Ms. Parrish rankled councillors this week with remarks to the National Post that the city's Mayor and council spent like "drunken sailors" for years before she won a seat in 2006, prompting a debate in council chambers yesterday. Ms. Parrish had said council's use of cash reserves to keep taxes low was short-sighted, and means the city is now facing an infrastructure-funding shortfall.
One after another, councillors excoriated Ms. Parrish; Nando Iannicca decried her criticisms as "dreadful."
"They completely misunderstand the history of our city [and] municipal finances, and what you're left with is revisionism and ignorance," he said.
Mr. Iannicca lauded council's past fiscal decisions for contributing to the legacy of a debt-free city despite federal and provincial downloading; Ms. Parrish was "complicit" in whatever actions the city had to take, he suggested, by virtue of her service as a federal MP during that period.
Councillor Pat Saito, who initiated the debate, called Ms. Parrish's characterization of council a "great insult," while Councillor Maja Prentice went further, blasting Ms. Parrish for steering council in the wrong direction since her election.
"Digging up dirt from the past is not a way to operate," Ms. Prentice said. "This council has never operated this way until the last three years.... Quite frankly I'm tired of it, and it's inappropriate, and I think it will come back to haunt you."
"I'm tired of it. The public is tired of it," Councillor Pat Mullin later added.
Ms. McCallion, who has regularly found herself under attack from Ms. Parrish, said citizens have become "fed up" with the negative press about Mississauga, when "outside we are recognized as a leading city."
Ms. Parrish said she broached the issue in the hopes of sparking discussion about how to handle the city's next budget.
A chart she distributed in council yesterday -- culled from city data that has been presented in past budget sessions -- shows between 2000 and 2005, more than $115-million was transferred from a reserve fund into the city's operating budget to offset, or completely wipe out, tax increases, even as the cost of living rose. Had this money been saved and allowed to accumulate compound interest, the city would be better positioned to address future infrastructure needs, Ms. Parrish said.
As it stands, remaining reserve funds are on track to run out within a couple of years.
"I don't like rehashing history, but the point of all this discussion is for the future," Ms. Parrish said. "It's for the next budget."
She wants the city to build up infrastructure reserves by contributing a set percentage of funding annually, saying yesterday's debate "teed up the ball" for serious public consultations on the matter.
"[During] 30 years of massive growth and money rolling in, we should have been putting money away for a rainy day.... The party is over," Ms.
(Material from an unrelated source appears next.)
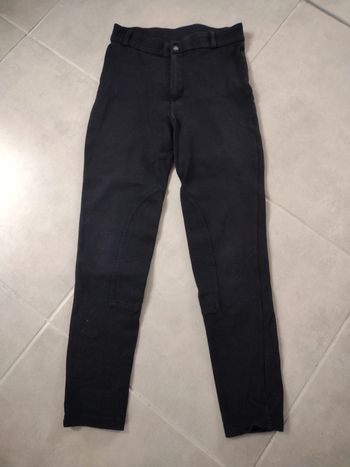 Pantalon équitation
Parrish said.
Councillors defended their decision to use reserve funds -- which came primarily from interest on the principal -- to offset taxes, noting Mississauga has earned a top fiscal rating and attracted strong businesses over the years.
While Ms. McCallion acknowledged council has known for years the city would ultimately end up facing debt, "haven't we done a good job of keeping it off for all of these years?"